=== WORK ORDER ===
Return only the lines of the data below from the line with "Now we're at" up to and including the line with "Once the wheel", exactly as written, with the pictures omitted.

=== DATA TO EXAMINE ===
•••

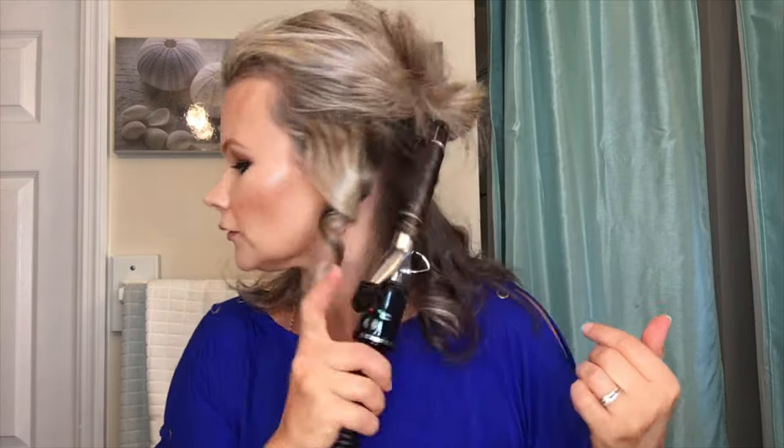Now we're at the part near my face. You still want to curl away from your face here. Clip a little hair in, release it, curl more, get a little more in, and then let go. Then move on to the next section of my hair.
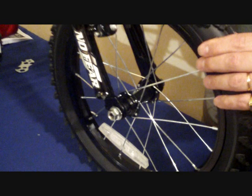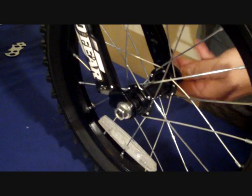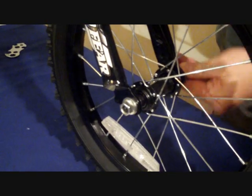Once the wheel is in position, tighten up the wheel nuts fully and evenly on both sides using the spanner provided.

•••

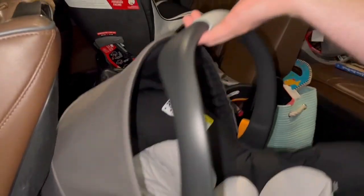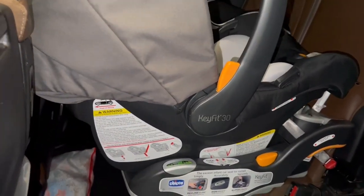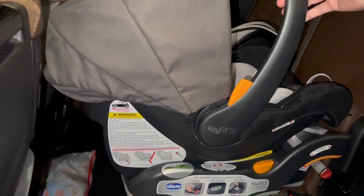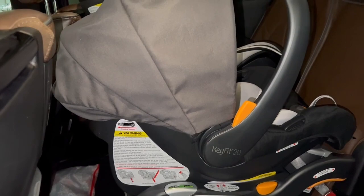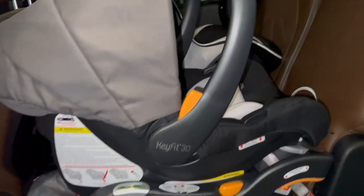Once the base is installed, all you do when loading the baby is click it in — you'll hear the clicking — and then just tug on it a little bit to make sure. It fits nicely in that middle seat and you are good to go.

•••

=== TASK OUTPUT ===
Now we're at the part near my face. You still want to curl away from your face here. Clip a little hair in, release it, curl more, get a little more in, and then let go. Then move on to the next section of my hair.
Once the wheel is in position, tighten up the wheel nuts fully and evenly on both sides using the spanner provided.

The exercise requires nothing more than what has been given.